=== RECORDS SUPPLIED ===

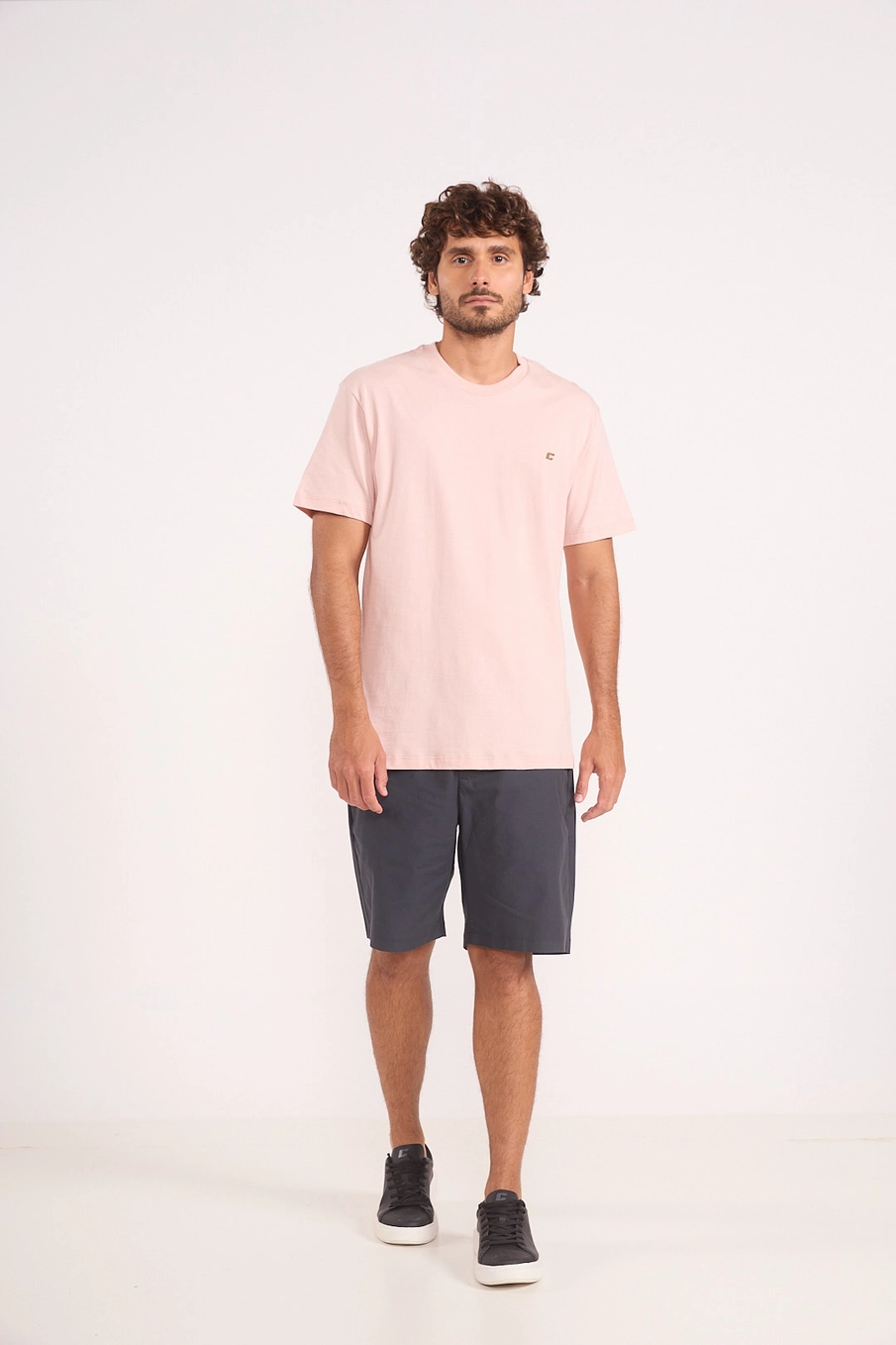 Camiseta Básica Logo Minimal Rosa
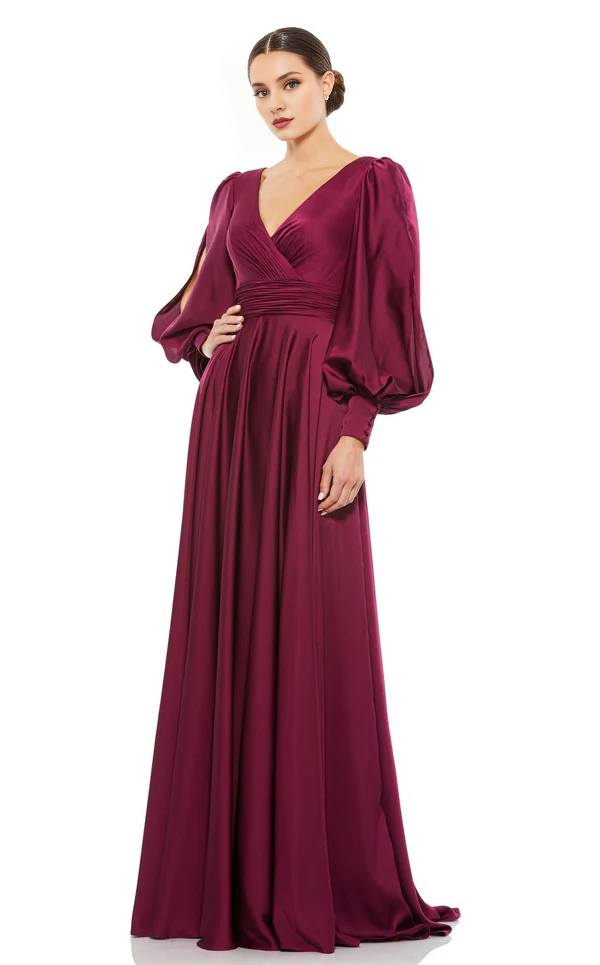 A-line V-neck satin long sleeved back zipper and floor length Prom dress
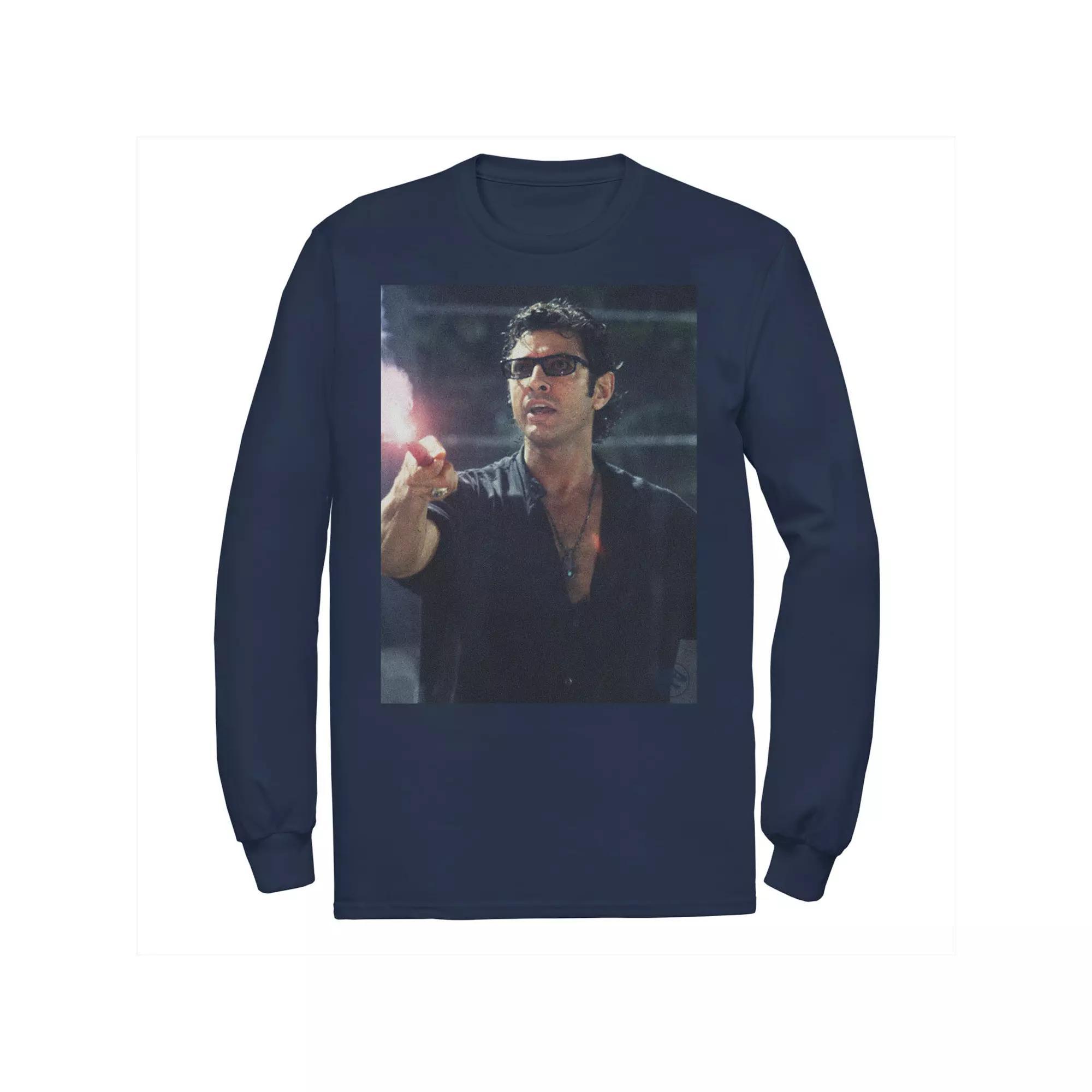 Men's Jurassic Park Ian Malcolm Road Flare Photo Long Sleeve Graphic Tee, Size: Large, Blue Product Image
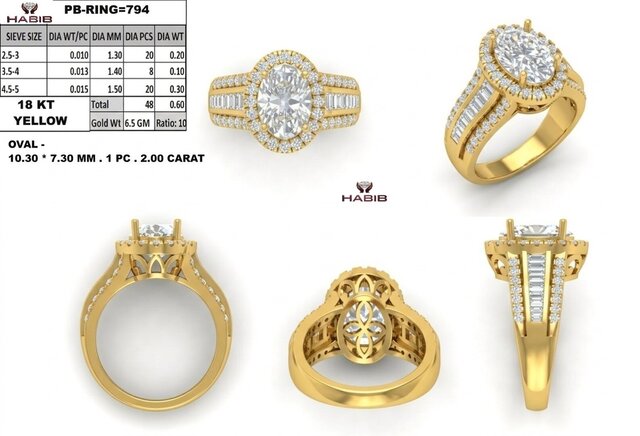 3D model of Luxury Diamond Halo Engagement Ring – Jewellery CAD Design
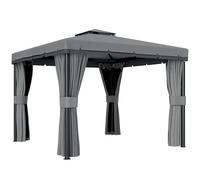 Outsunny Pabellón aprox. 3x3m Repelente al agua Estable Apto para invierno Pabellón de jardín con doble techo Mosquiteras con cremallera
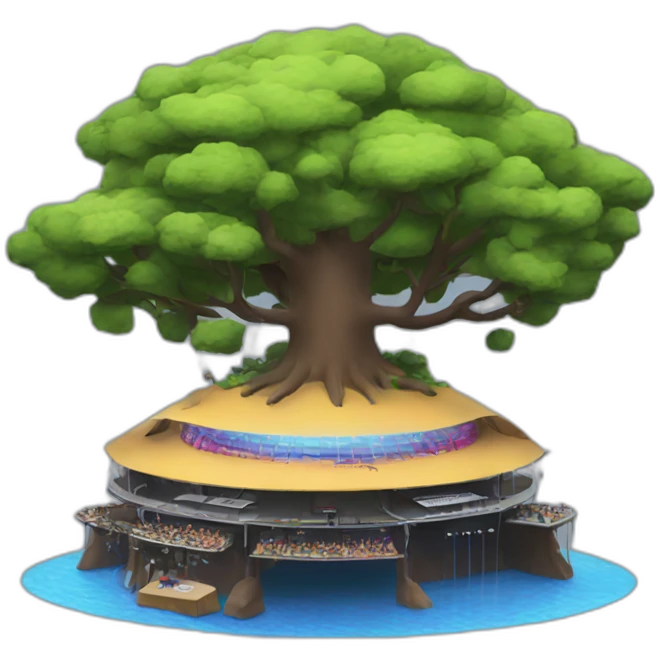 Earth with Music festival stage on top emoji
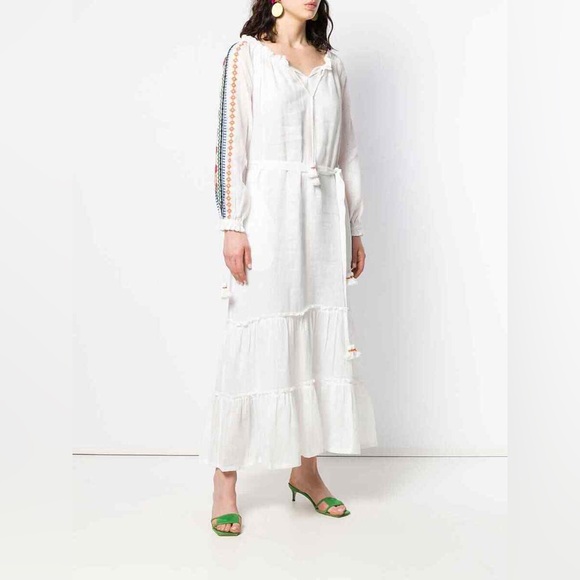 NWT Tory Burch Embroidered Linen Belted Peasant Dress - Picture 6 of 8
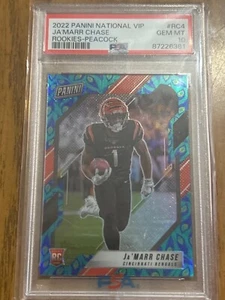 2021 National Convention VIP Gold Pack Peacock Prizm Ja'Marr Chase Rookie RC - Picture 1 of 2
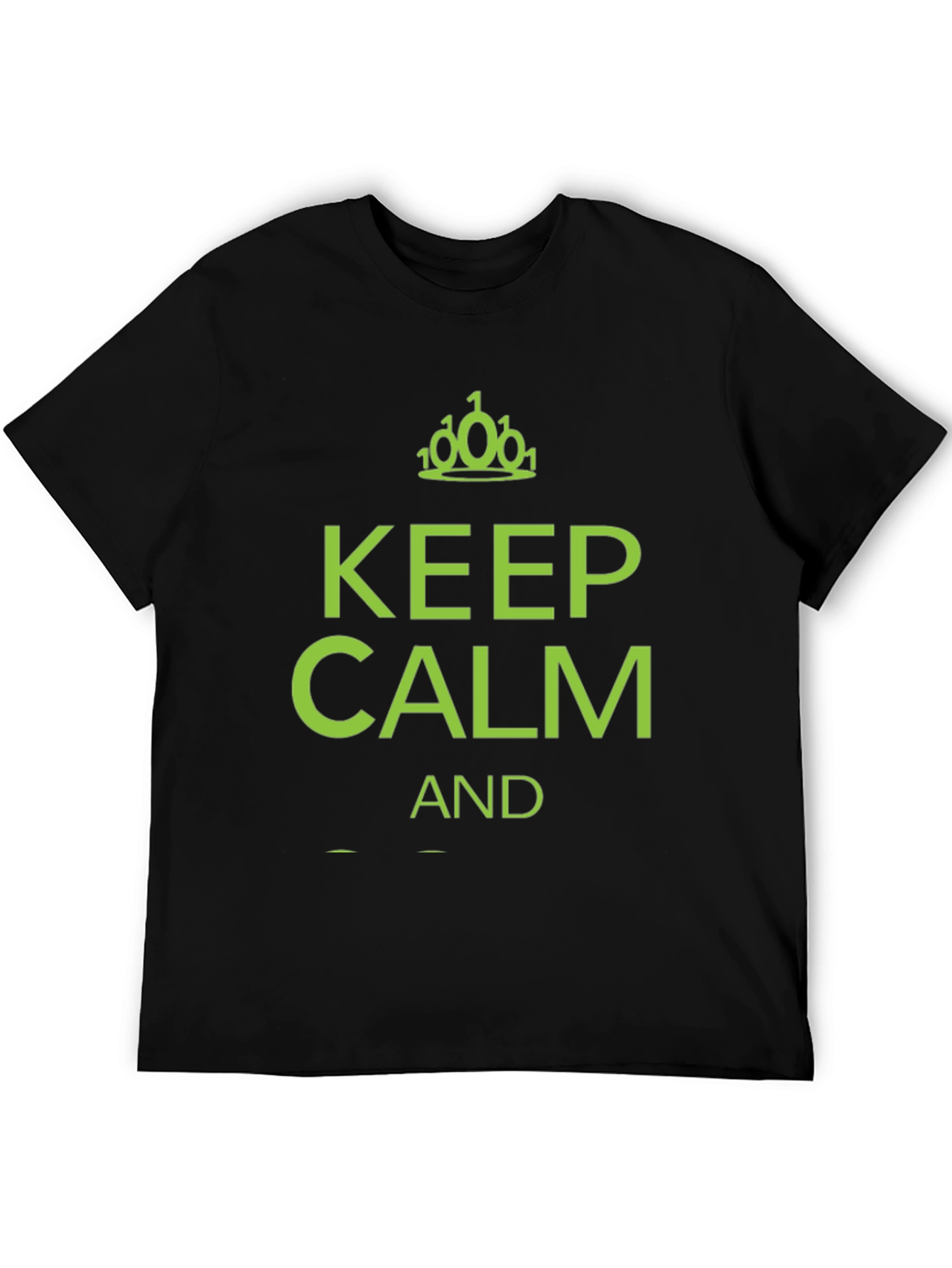 Keep Calm Binary Code T-Shirt - Black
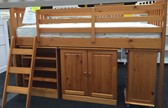 Pine Mid Sleeper With Bookcase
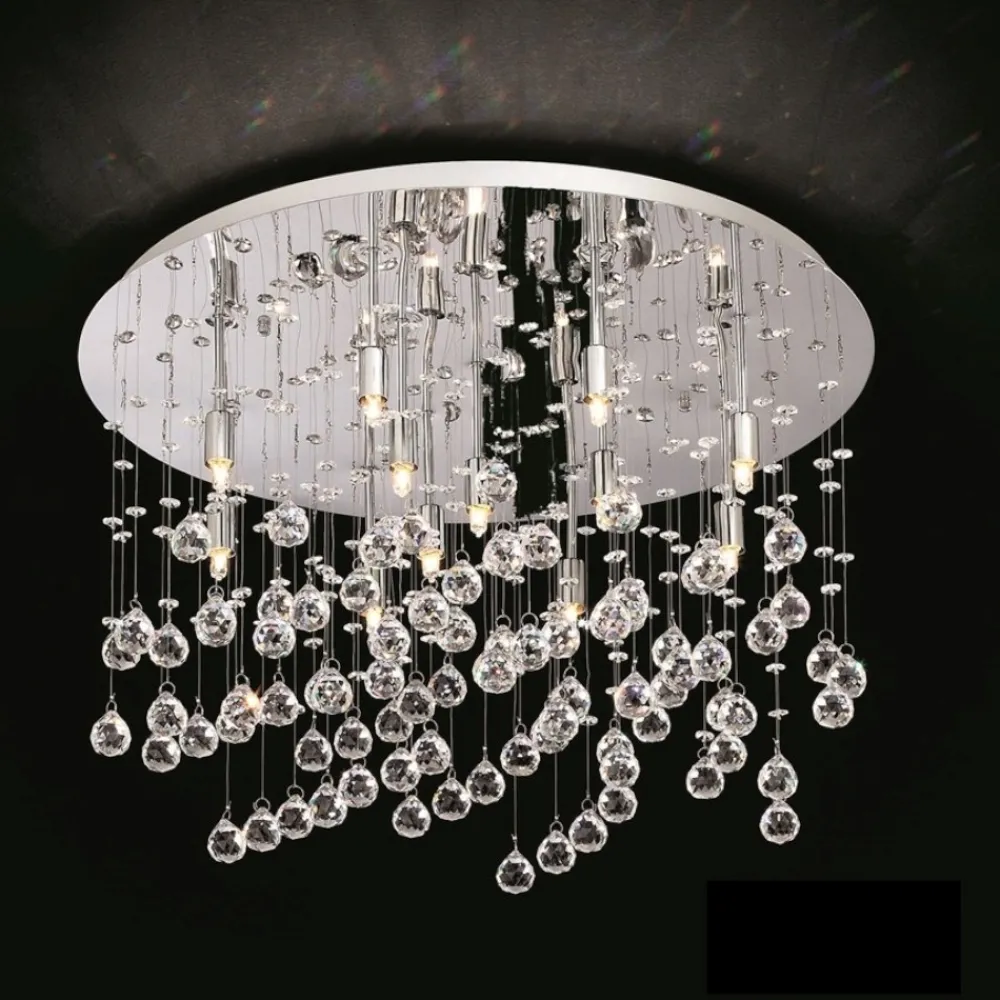 Plafoniere Moderne-Ideal Lux Moonlight pl15 cromo plafoniera per salotto sfere di vetro cristallo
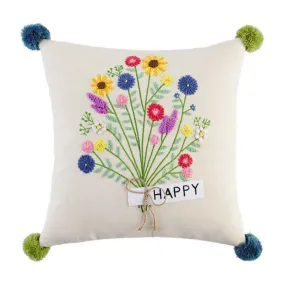 Mud Pie Happy Floral Embroidery Pillow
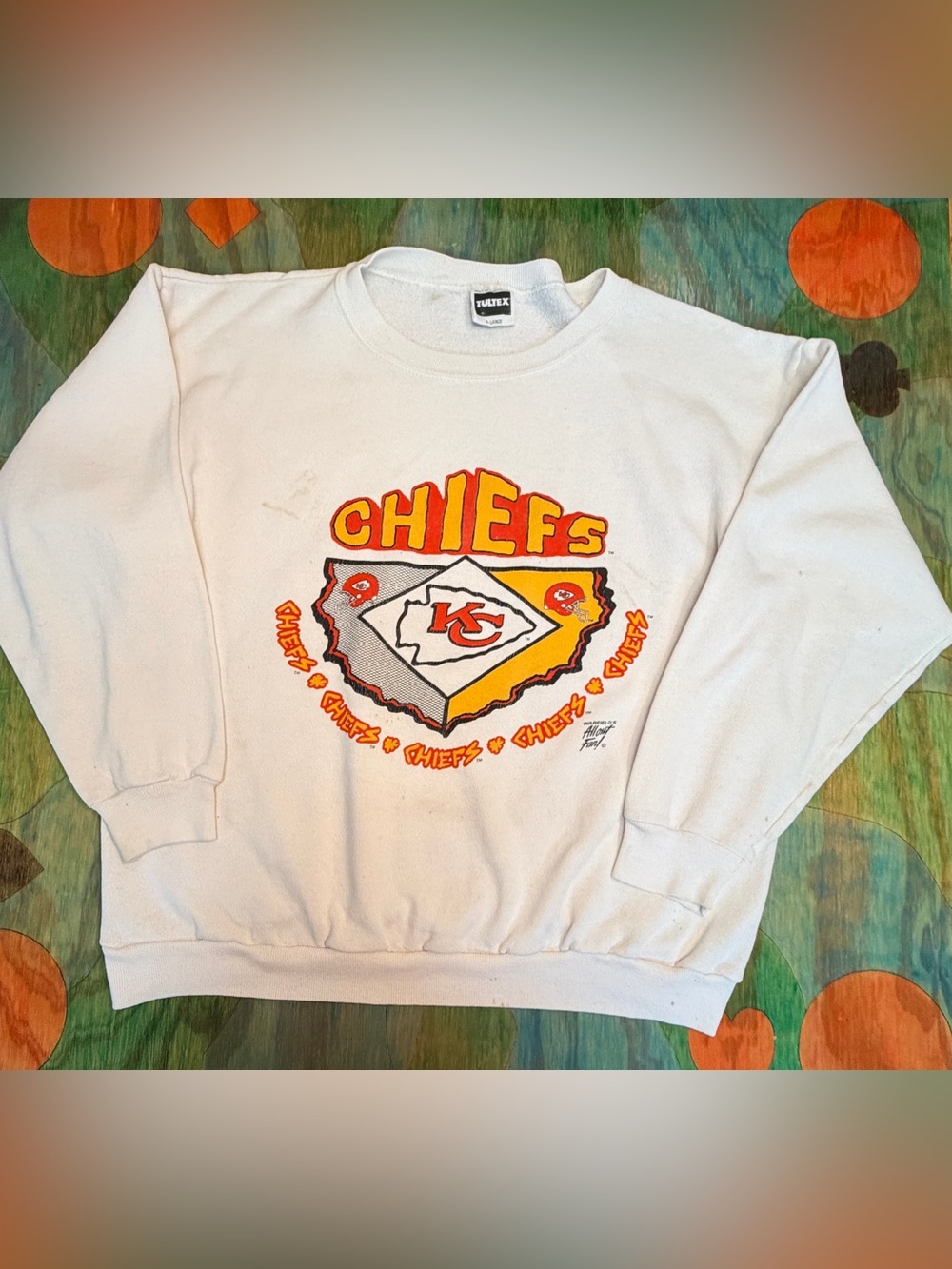 Vintage Kansas City Chiefs Crew Neck Sweatshirt Warfield’s All Out Fan Size XL C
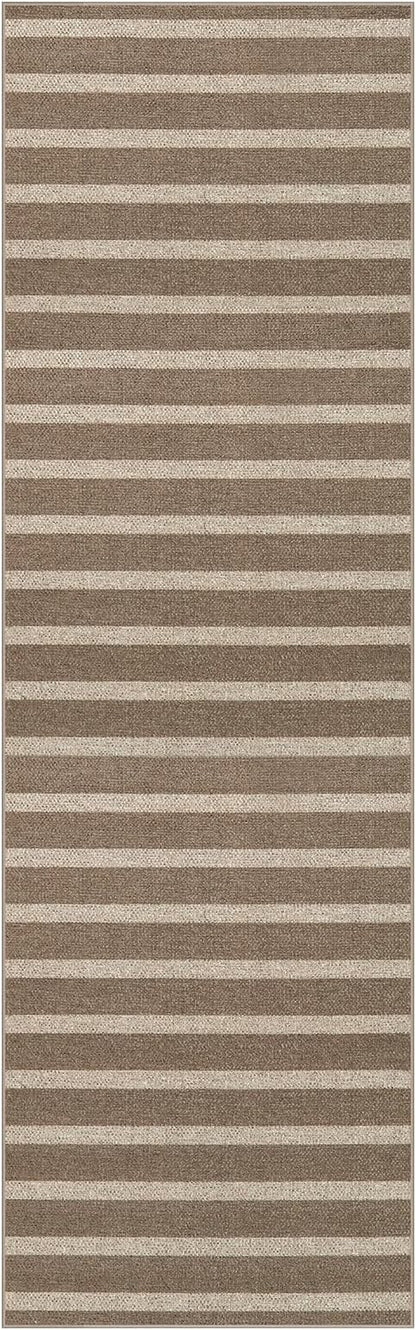 Lahome Striped Easy Jute Kitchen Runner, 2x8 Washable Indoor Outdoor Entryway Runner Rug, Farmhouse Neutral Non Slip Non Shedding Carpet for Hallway Porch Foyer, Khaki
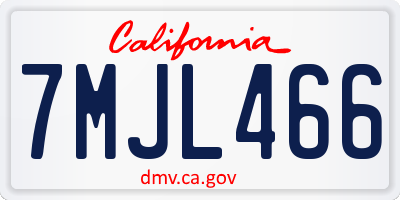 CA license plate 7MJL466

=== WHAT THE TASK REQUIRES ===
Would you print exactly the lines in the listing above, from the line bearing "3D model of" through the line bearing "NWT Tory Burch", leaving out all pictures?

=== YOUR SOLUTION ===
 3D model of Luxury Diamond Halo Engagement Ring – Jewellery CAD Design
 Outsunny Pabellón aprox. 3x3m Repelente al agua Estable Apto para invierno Pabellón de jardín con doble techo Mosquiteras con cremallera
 Earth with Music festival stage on top emoji
 NWT Tory Burch Embroidered Linen Belted Peasant Dress - Picture 6 of 8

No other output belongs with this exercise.